§ Material provided:
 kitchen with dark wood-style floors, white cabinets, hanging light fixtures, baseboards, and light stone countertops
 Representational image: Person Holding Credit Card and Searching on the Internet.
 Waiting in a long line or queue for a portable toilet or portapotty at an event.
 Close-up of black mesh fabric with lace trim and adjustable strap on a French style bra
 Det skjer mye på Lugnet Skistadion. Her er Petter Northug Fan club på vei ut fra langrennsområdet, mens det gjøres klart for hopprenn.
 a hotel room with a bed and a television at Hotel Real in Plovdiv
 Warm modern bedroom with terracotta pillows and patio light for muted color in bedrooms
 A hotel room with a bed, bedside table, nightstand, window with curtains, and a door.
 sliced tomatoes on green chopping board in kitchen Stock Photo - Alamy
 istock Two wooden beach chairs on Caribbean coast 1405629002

§ Problem requirements: In the listing above, find the line containing "Det skjer mye"; that line and every line after it, through the last, are to be retyped exactly.

§ Task response:
 Det skjer mye på Lugnet Skistadion. Her er Petter Northug Fan club på vei ut fra langrennsområdet, mens det gjøres klart for hopprenn.
 a hotel room with a bed and a television at Hotel Real in Plovdiv
 Warm modern bedroom with terracotta pillows and patio light for muted color in bedrooms
 A hotel room with a bed, bedside table, nightstand, window with curtains, and a door.
 sliced tomatoes on green chopping board in kitchen Stock Photo - Alamy
 istock Two wooden beach chairs on Caribbean coast 1405629002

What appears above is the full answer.